Pre-processing software for serial electron diffraction data using Python. See https://doi.org/10.1101/682575 for example results.

Diffractem is intended for usage within Jupyter notebooks - get a set of examples here: https://github.com/robertbuecker/serialed-examples.

Critical dependencies are the electron-enabled version of CrystFEL (http://www.desy.de/~twhite/crystfel/), available at https://stash.desy.de/projects/MPSDED/repos/crystfel/, and pinkIndexer, available at https://stash.desy.de/users/gevorkov/repos/pinkindexer.

Installation

To use most features you will also need an installation of CrystFEL and pinkIndexer, the former in a specific electron-enabled version (this will likely become obsolete with the release of CrystFEL 0.10.0).

Create conda enivronment

We strongly suggest to use the Anaconda3 Python distribution/package manager, and create a dedicated environment within it for diffractem and CrystFEL. If you do not have Anaconda installed, it is sufficient to obtain the minimal Miniconda of the conda package manager at https://docs.conda.io/en/latest/miniconda.

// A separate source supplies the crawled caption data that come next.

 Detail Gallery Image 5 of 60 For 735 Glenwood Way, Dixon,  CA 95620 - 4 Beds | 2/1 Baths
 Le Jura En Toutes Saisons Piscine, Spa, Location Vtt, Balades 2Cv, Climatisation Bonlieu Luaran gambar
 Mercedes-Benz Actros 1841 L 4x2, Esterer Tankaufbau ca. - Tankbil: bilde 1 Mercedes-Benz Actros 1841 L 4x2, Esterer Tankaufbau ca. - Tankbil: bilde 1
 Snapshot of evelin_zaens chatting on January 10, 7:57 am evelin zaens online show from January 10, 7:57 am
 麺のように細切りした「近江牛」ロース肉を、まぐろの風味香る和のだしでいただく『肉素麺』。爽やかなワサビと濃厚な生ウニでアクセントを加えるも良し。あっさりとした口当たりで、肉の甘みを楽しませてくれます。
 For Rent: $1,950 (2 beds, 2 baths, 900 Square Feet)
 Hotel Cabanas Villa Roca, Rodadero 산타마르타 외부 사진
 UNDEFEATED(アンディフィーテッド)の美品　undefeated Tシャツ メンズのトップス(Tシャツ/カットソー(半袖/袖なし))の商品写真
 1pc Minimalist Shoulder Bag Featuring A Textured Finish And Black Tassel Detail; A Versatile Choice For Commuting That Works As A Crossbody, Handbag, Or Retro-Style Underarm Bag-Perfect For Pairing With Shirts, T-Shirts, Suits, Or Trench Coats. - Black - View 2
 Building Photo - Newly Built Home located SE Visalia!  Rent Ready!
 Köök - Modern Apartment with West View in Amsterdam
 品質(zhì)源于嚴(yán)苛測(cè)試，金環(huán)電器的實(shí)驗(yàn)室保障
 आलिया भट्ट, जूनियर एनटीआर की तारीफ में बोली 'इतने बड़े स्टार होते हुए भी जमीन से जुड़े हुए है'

Once installed, please create a new anaconda environment for diffractem, without installing any packages, and activate it:

conda create -n diffractem -c conda-forge
conda activate diffractem

Install CrystFEL and pinkIndexer

As you might not want the electron-enabled CrystFEL version to interfere with a potentially existing (or future) installation of standard CrystFEL, we suggest to install them directly into the location of our anaconda environment.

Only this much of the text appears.